Quebrar paradigmas é algo que Gillian Flynn sabe fazer como ninguém, mas nem por isso existe uma garantia de que suas obras consigam ser devidamente adaptadas para a sétima arte. Aliás, essa é uma tarefa que transcende o trabalho de um bom roteirista e precisa, também, do perfeito equilíbrio para com a direção.
Assim, ‘Lugares Escuros’ é adaptação direta de ‘Dark Places’ (até porque o título é um tradução literal), sem tirar nem por. É de uma literalidade explícita, que praticamente escancara qualquer virtuosidade que possa existir no texto. Se isso pode ser extremamente relevante para os fãs da autora; em se tratando de cinema, esbarra na mesmice e nos clichês dos suspenses mais banais.
Obviamente que a ‘culpa’ não é de Flynn e sim de Gilles Paquet-Brenner, que sempre esforçou-se para dirigir fitas dramáticas, como filmes de terror b. Não é nenhum demérito, e de certa forma funciona muito bem em algumas obras de sua filmografia (tal como em ‘A Chave de Sarah’, que está mais para um suspense). No entanto é uma catástrofe em outras (como em ‘Gomez Vs. Tavréz’, que é uma comédia de ação). Para o bem e para o mal, seu estilo não muda e dificilmente será ‘melhorado’ à medida do tempo.

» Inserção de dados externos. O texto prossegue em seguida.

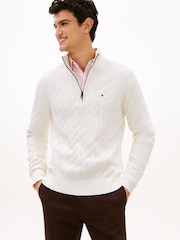 كريم - كنزة محبوكة بنمط مجدول وربع سحّاب من Tommy Hilfiger - صورة 1 من 7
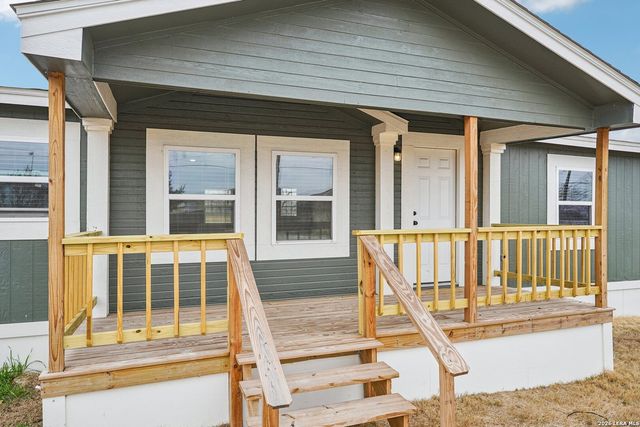 101 Natchez, Poth, TX 78147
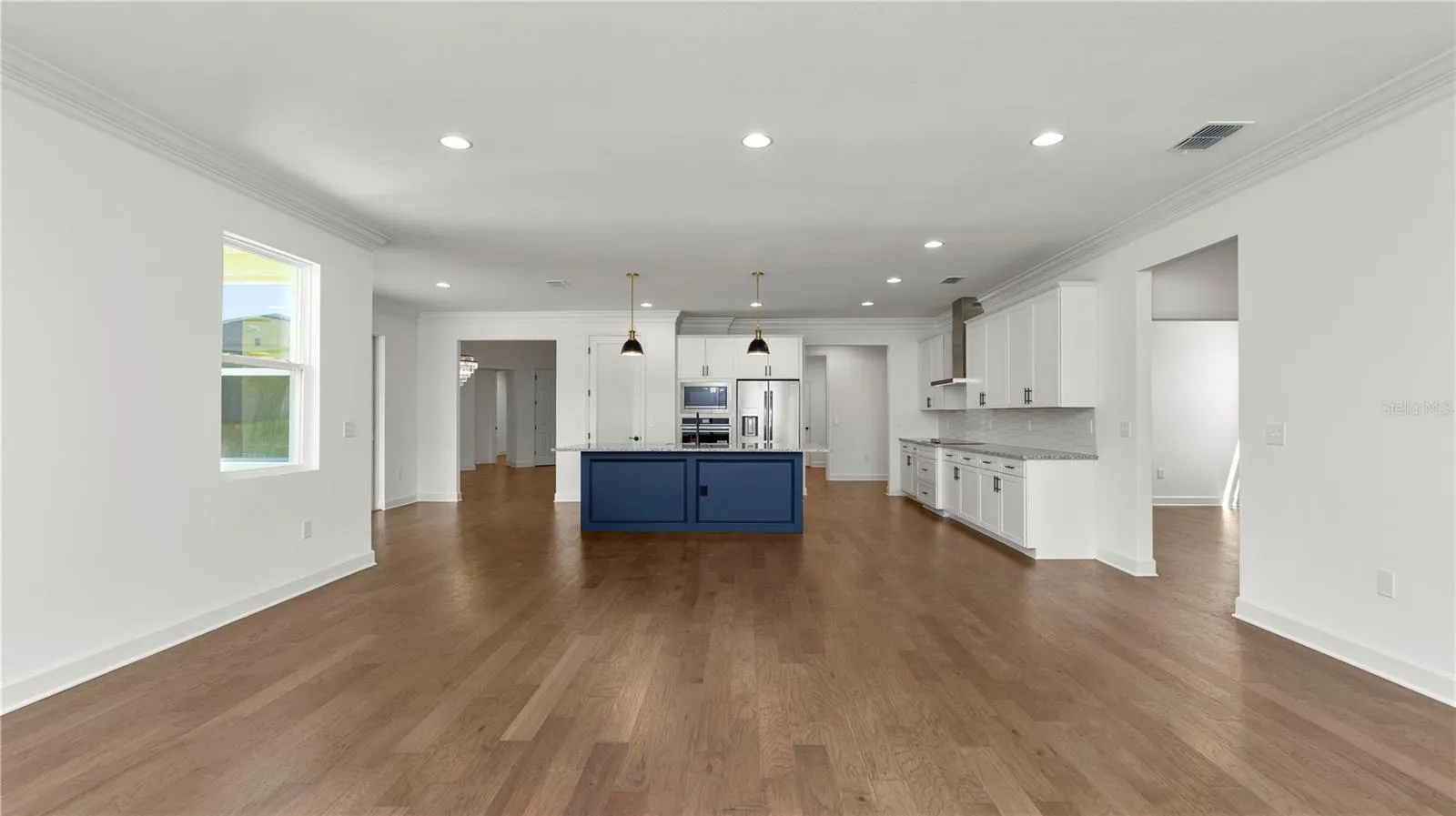 2561 ROGERS RD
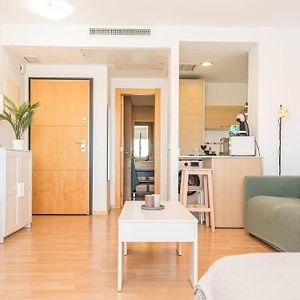 Estudio Con Vistas Y Parking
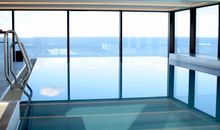 Infinitypool im Dachgeschoss des arcona LIVING APPARTEMENTS FIRST SELLIN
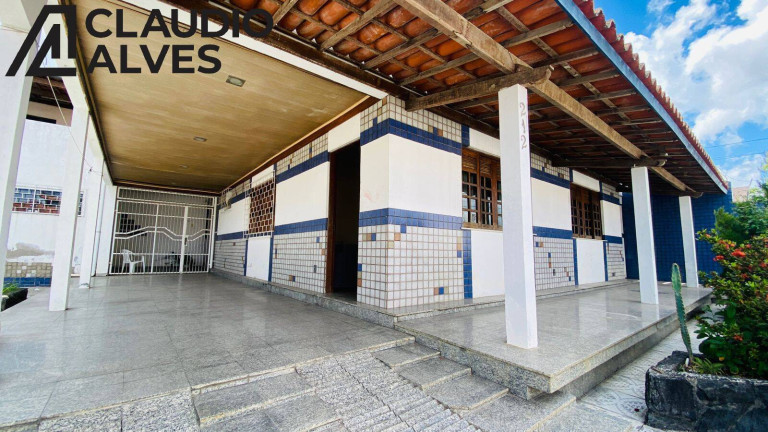 Casa com 5 Quartos à Venda, 292 m² em Centro - Feira De Santana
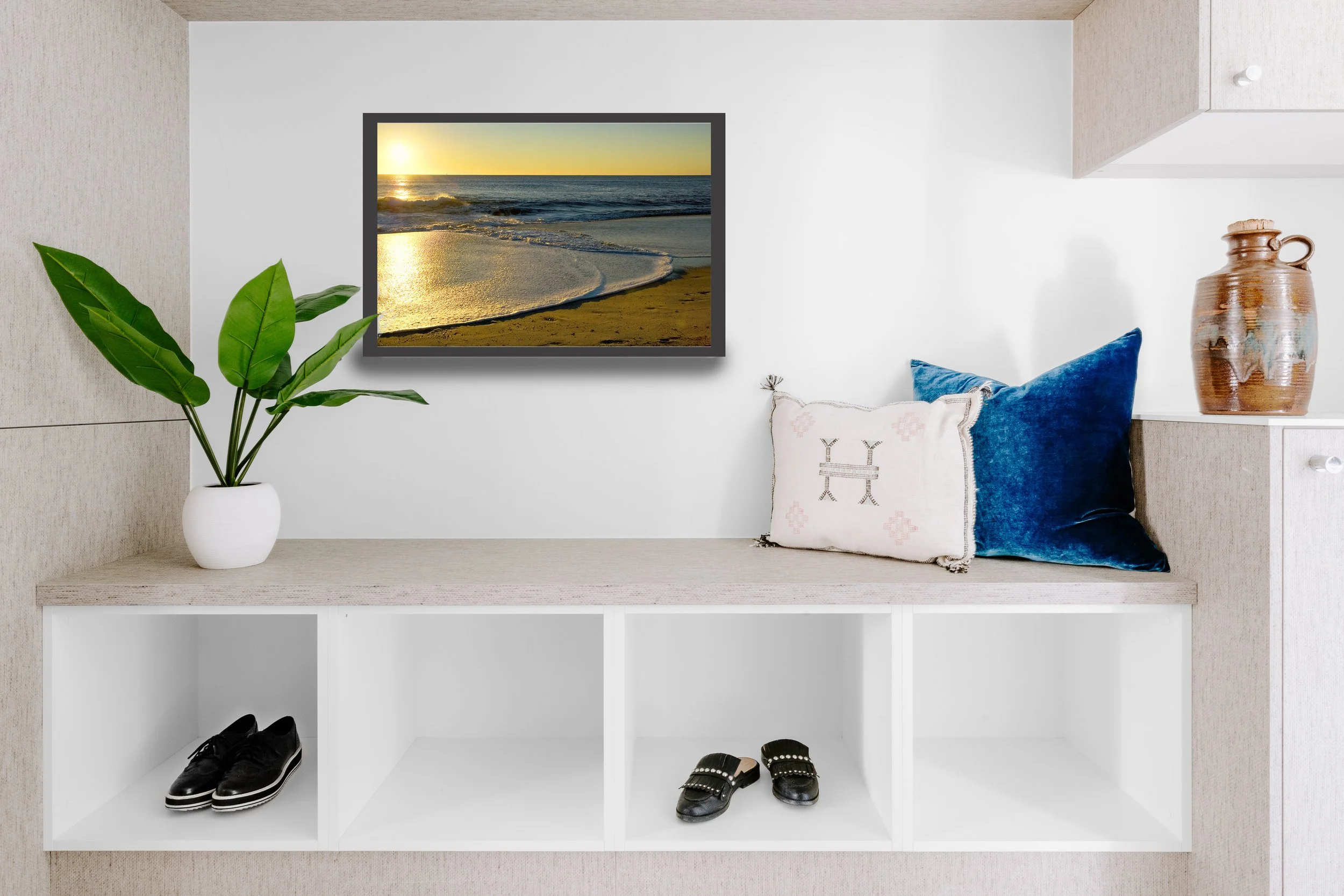 A simple sample of how the art could look in your house.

Além disso, soa como um verdadeiro desperdício ter um elenco com nomes como Chloë Grace Moretz, Charlize Theron, Nicholas Hoult, Corey Stoll, Tye Sheridan e Christina Hendricks, e não demonstrar as peculiaridades que se destacam em cada um dos personagens. Para termos de comparação, Fincher em todo primeiro ato de ‘Garota Exemplar’ demonstrou que as incertezas pairavam até sobre os personagens mais rasos e definidos. Gilles por sua vez gasta em torno de 2 horas, e desenvolve pouco os personagens e seus específicos universos.

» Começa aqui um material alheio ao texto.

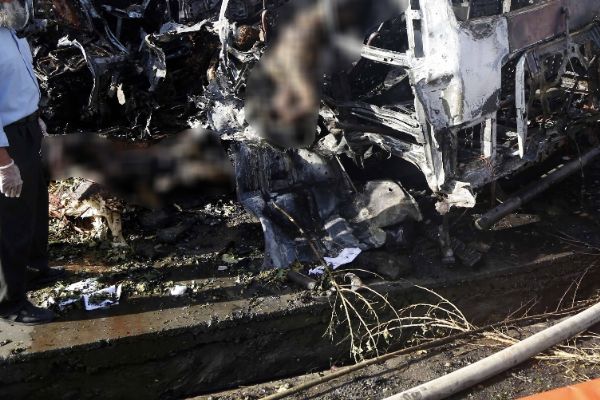 Afganistan'da saldırı: 13 ölü, 19 yaralı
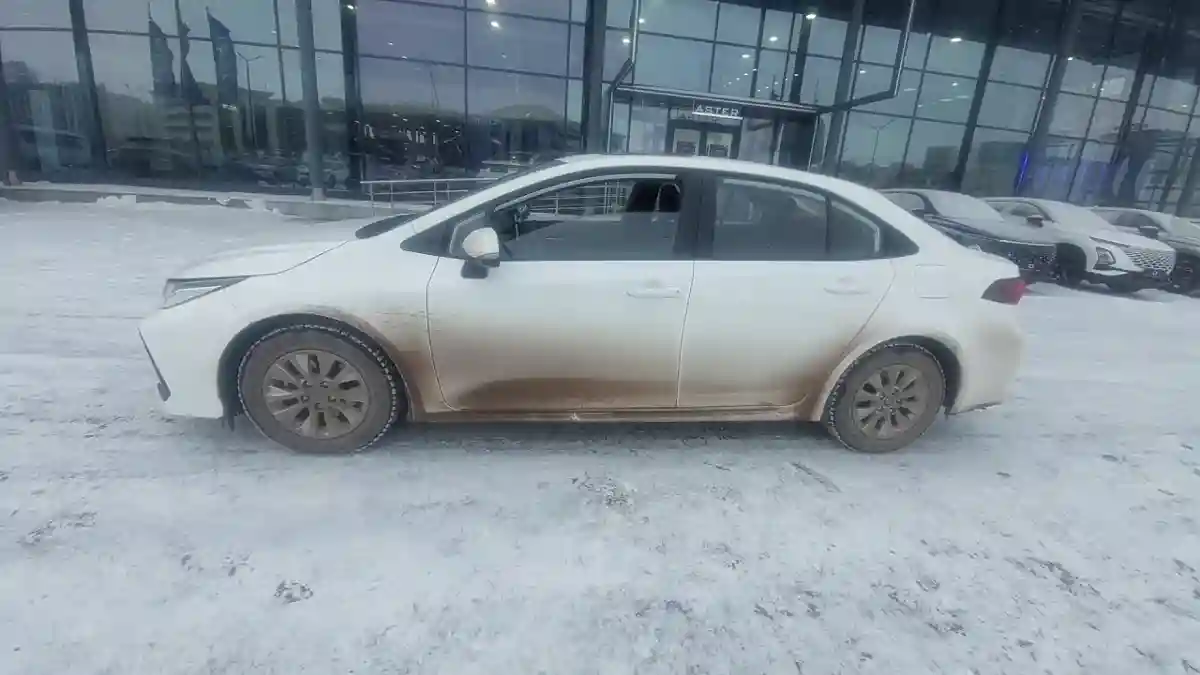 Toyota Corolla 2022 года за 10 000 000 тг. в Астана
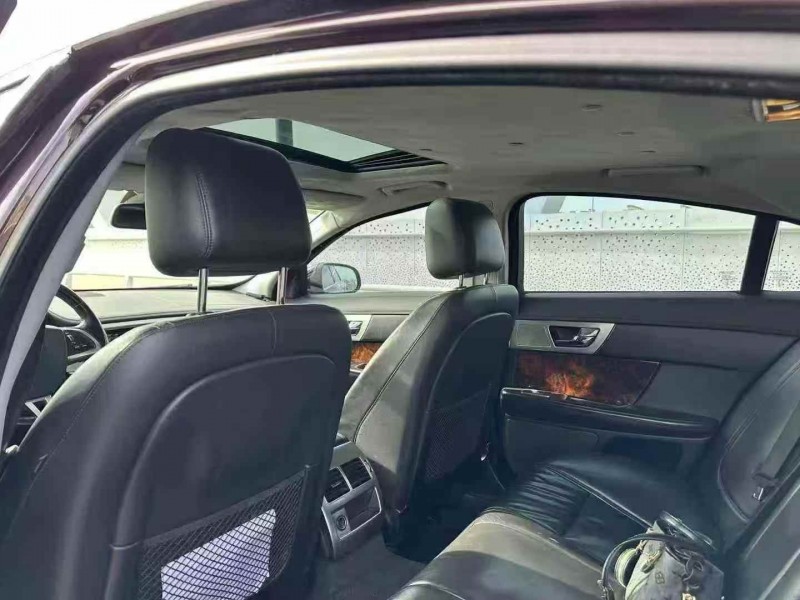 长治15年捷豹XF6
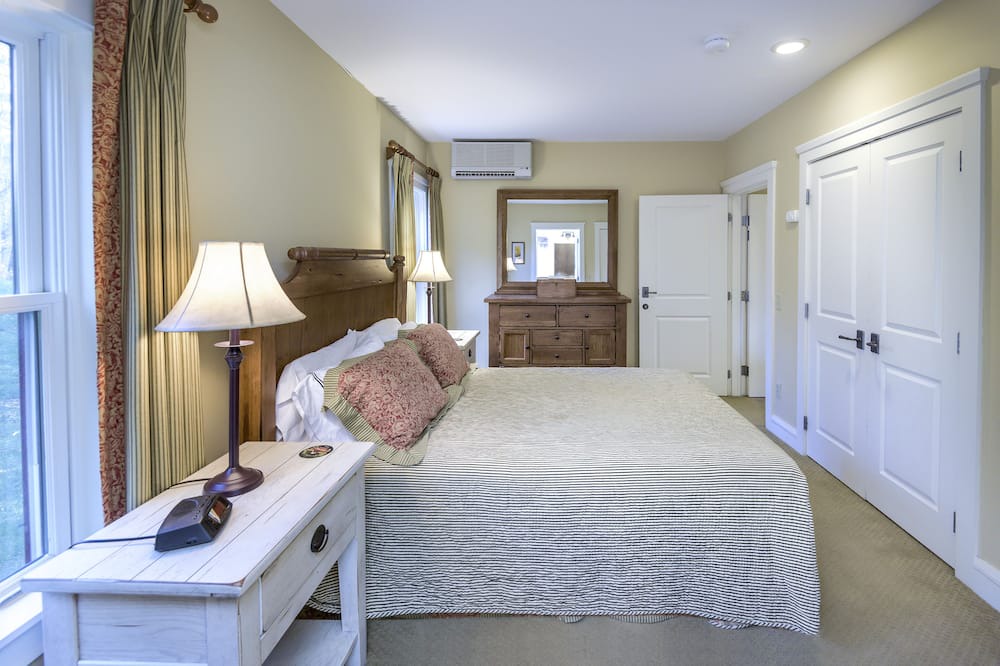 Photo of Bedroom in Proctorsville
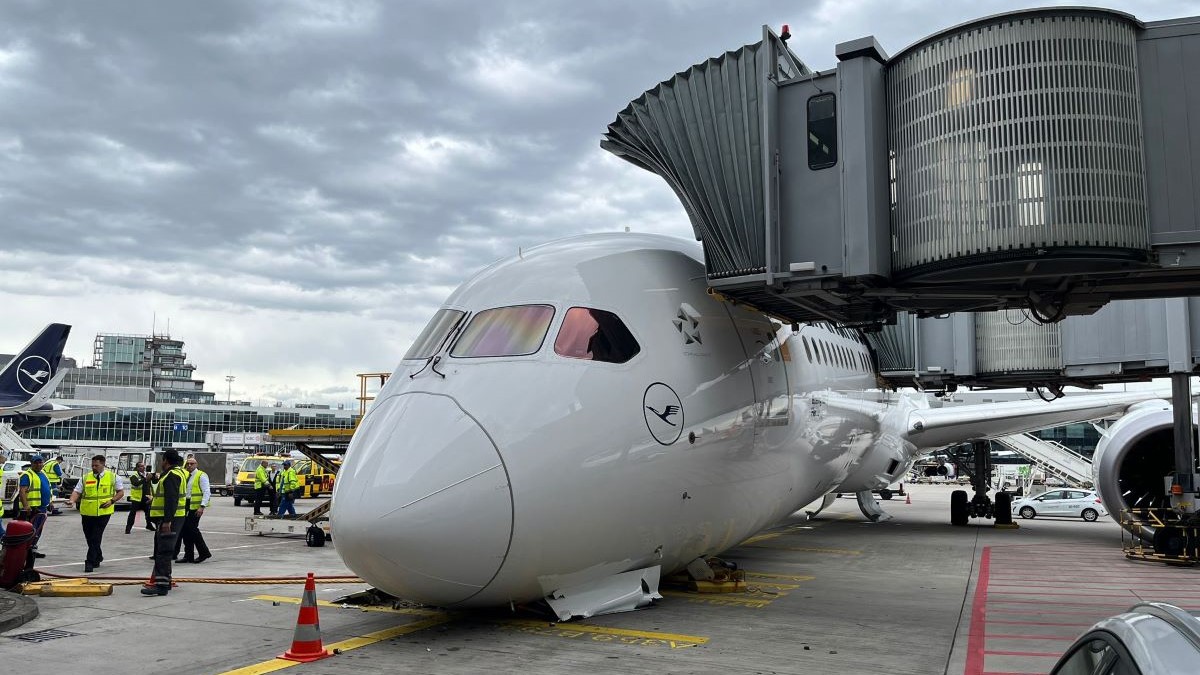 Colapsa tren de aterrizaje de un Boeing 787-9 de compañía aérea Lufthansa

Dificilmente ‘Lugares Escuros’ cairá no gosto do público cinematográfico. Se não existem diferenças taxativas em termos de narrativa, a concepção e desenvolvimento dos personagens pesa bastante contra o filme. Longe de ser ruim, o diretor francês torna um exercício do estudo da personalidade em algo banal, tal como distribuir papeis no teatro (não que isso seja simples).

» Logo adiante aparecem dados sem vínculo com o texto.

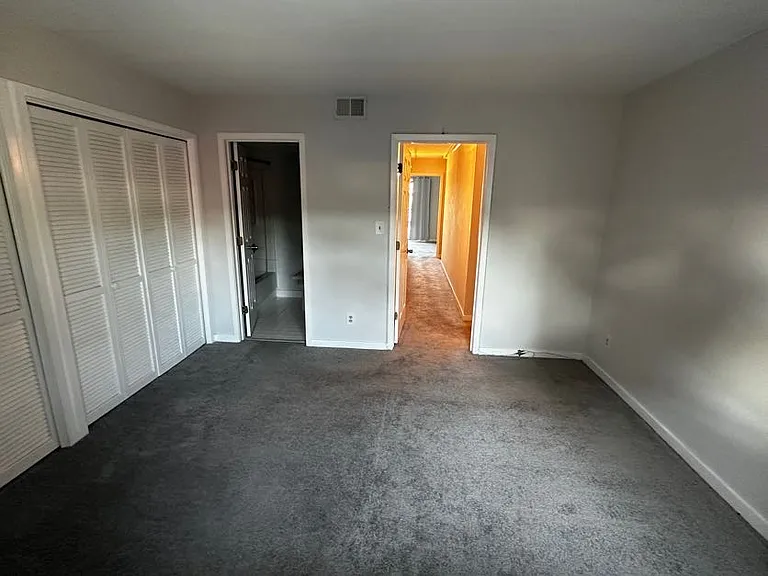 90 Helmsman Way #204B — Photo 10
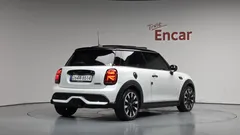 2023 Mini Cooper Classic Launch Pack — фото 2
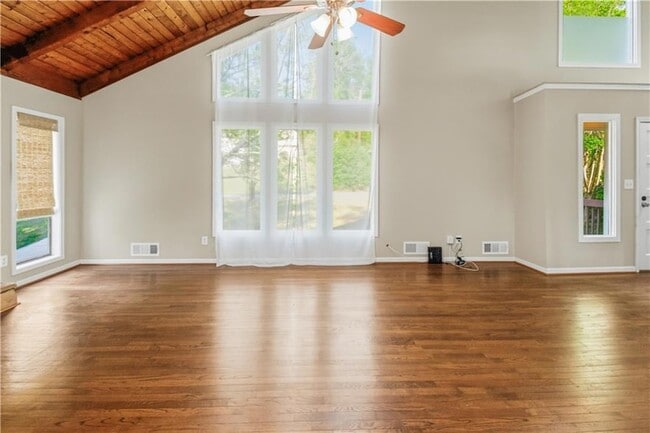 Building Photo - 3950 Lookout Point Dr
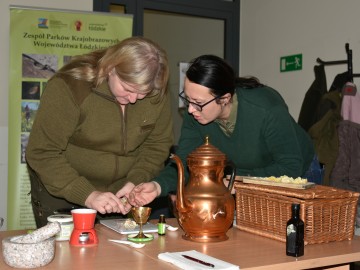 Relacja z zimowych warsztatów ziołowych w PKWŁ 9.12.2023 r.,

Um dos principais lemas de Sigmund Freud parece ter sido esquecido, mas ainda assim referenciado dentro do filme: “Quando a dor de não estar vivendo for maior que o medo da mudança, a pessoa muda”. Não é uma máxima, muito menos um norte, mas poderia muito bem ser levado em conta ao tratar de uma obra tão complexa.